The problem facing the next wave of U.S. Internet innovators is that uptake of superfast broadband is relatively low — the BSG calculates it’s less than three percent of total U.S. households — meaning it’s a long way from reaching the necessary critical mass of users. Why is demand so low? According to the report, the incentive for U.S. broadband providers to compete on speed grounds — and thereby drive demand for superfast services — is being suppressed by a focus on selling bundled pay-TV services, rather than standalone superfast broadband.

The report notes

Despite widespread availability [in the U.S.] over the last few years, superfast broadband has not yet taken off. This can likely be explained by two factors. The first is that both cable operators and copper incumbents are focusing on selling their TV services first, with broadband part of the bundle with that service. Although this has usually been the approach for cable TV providers in most markets, in the US the focus on Pay-TV services by the copper incumbents above the broadband service is unique.

The BSG notes that neither Verizon nor AT&T are heavily promoting superfast broadband services — and suggests the commercial threat from online video services such as Netflix is likely far more front of mind for the companies than “the limited competition on broadband that is restricted by the existence of the territorial duopolies”. “This has meant that operators have not competed on broadband speed in the same way that they have in other markets, particularly in Europe,” the report adds.

It continues

The US was the home to online service innovation for the first generation of broadband.

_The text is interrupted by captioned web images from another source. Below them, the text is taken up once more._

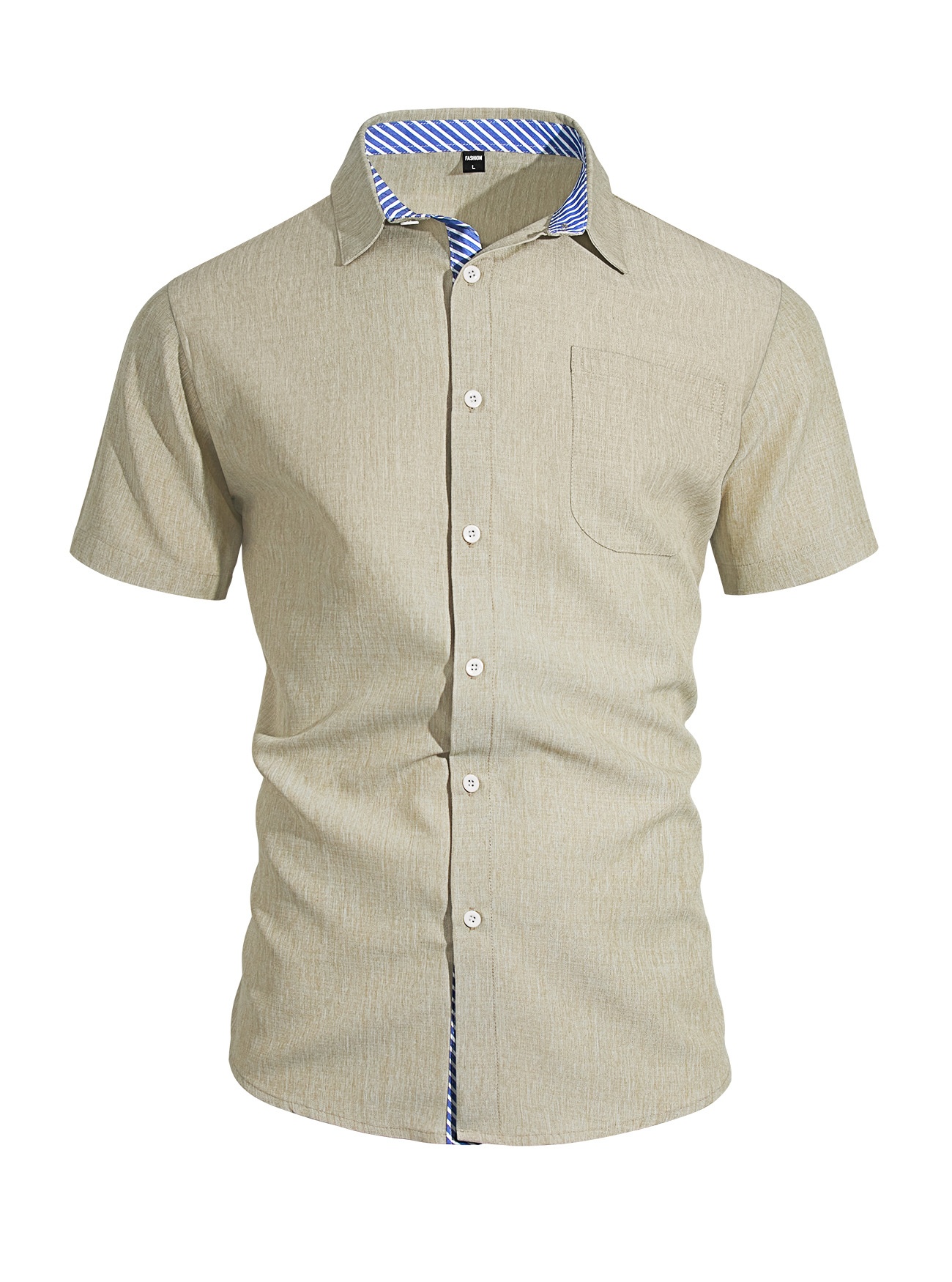 Men's Blend Short Sleeve Button Up Shirt Casual
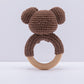 Wooden Teether Crochet Baby Rattle, Crochet Baby Toys, Organic Wooden Newborn Toys, Newborn Animal Rattle Toys,Knitted Stuffed Animals Gifts For Baby, Brown Bear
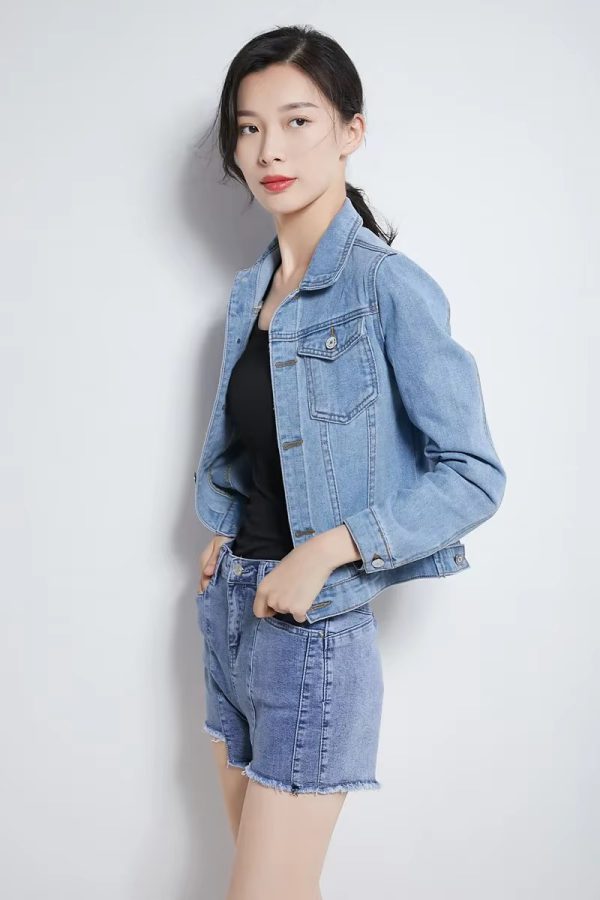 Elegant Solid Full Sleeve Button Pocket Loss Slim Fit Jeans Denim Jacket - Image 16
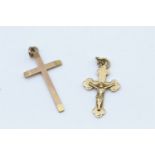 2 x 9ct gold crucifix and cross pendants 2.2 grams gross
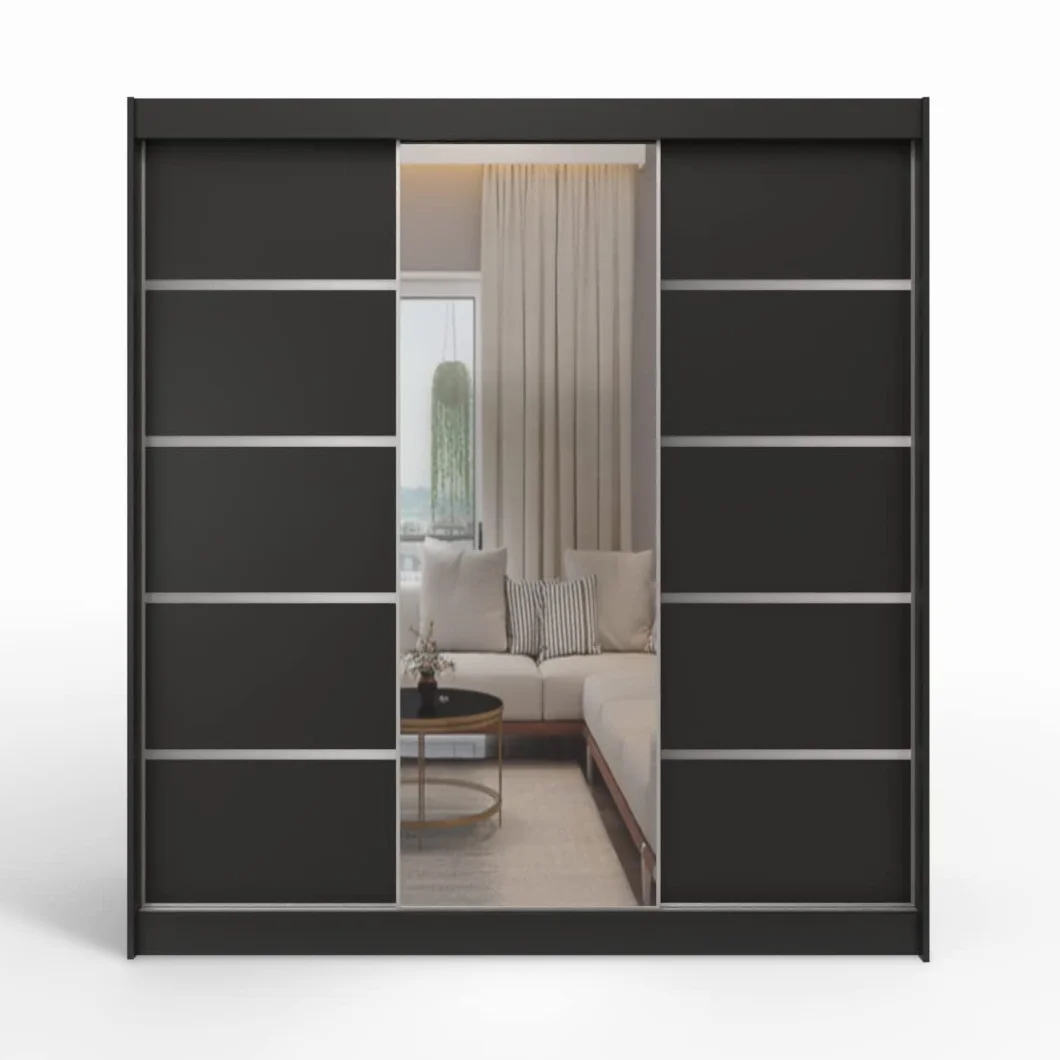 ML Furniture D6 Szafa z drzwiami przesuwnymi 200 cm z lustrem Czarny 3 drzwi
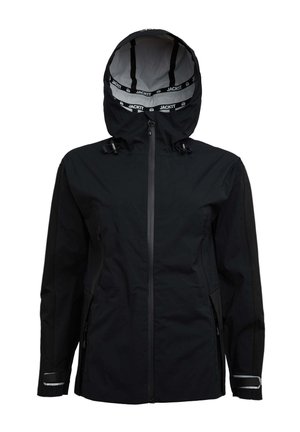 Giacca impermeabile nera con cappuccio rimovibile, chiusura con zip frontale, cordini regolabili e dettagli riflettenti sulle maniche e sulle cerniere.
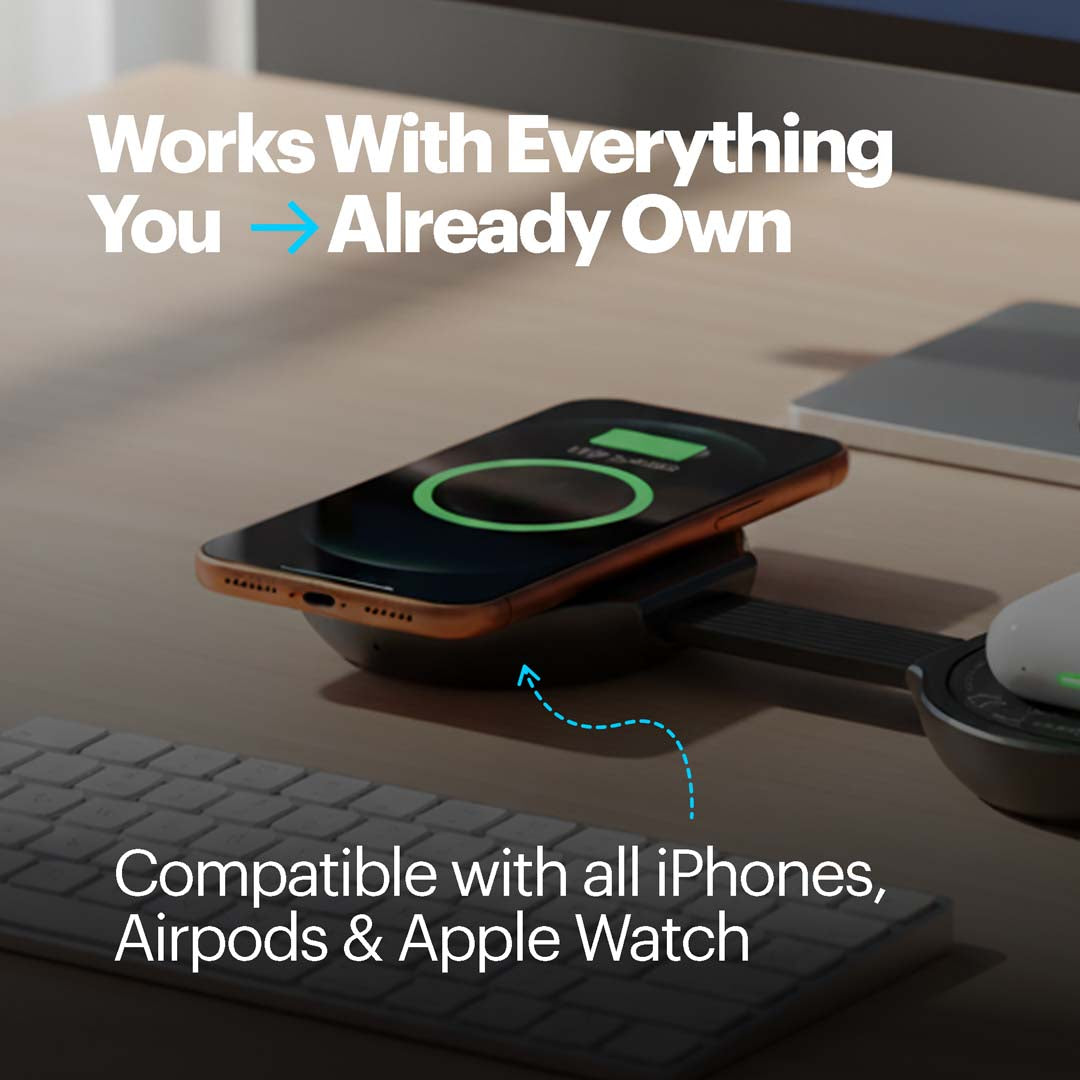 Stuffcool - Nexi 3 in 1 Foldable Magnetic Wireless Charger Qi2.2 Certified 25W Fast Charger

A number of these companies have become global giants. Whether such innovation will occur in the US this time, for next generation broadband, is perhaps a more open question. We have already seen that the US has a very low number of subscribers on genuinely superfast services, even counting those cable subscribers that have been uplifted. With the relative lack of competition in the US market, there is less of an incentive to compete on broadband speeds
when the dominant product in the bundle is the Pay-TV service – this applies as much to the cable operators as it does to the copper-line incumbents.

If this is to continue for any period of time, then the US will not reach a critical mass of superfast subscribers, and so will not reach the type of addressable market size that encouraged the early broadband innovators to develop new services – we have previously noted Google’s foray in to FTTH buildout in Kansas City as perhaps a sign that they do not perceive the US’s broadband to be developing as they would wish.

The report goes on to suggest that if the U.S. does not act to accelerate superfast broadband adoption there is a potential opportunity for Europe to leverage faster uptake of superfast broadband to become the playground for the next wave of web innovation.

“If an addressable market of superfast broadband users can be created in Europe then it may become the new test-bed for online service innovators,” the report adds — although it also notes that just having the users is not in itself a guarantee of anything, pointing to high levels of superfast broadband uptake in Asian markets that have nonetheless failed to result in the development of “an innovative online service environment based on superfast broadband”.

“There remains an open question as to where the next wave of innovation will come from,” the report adds.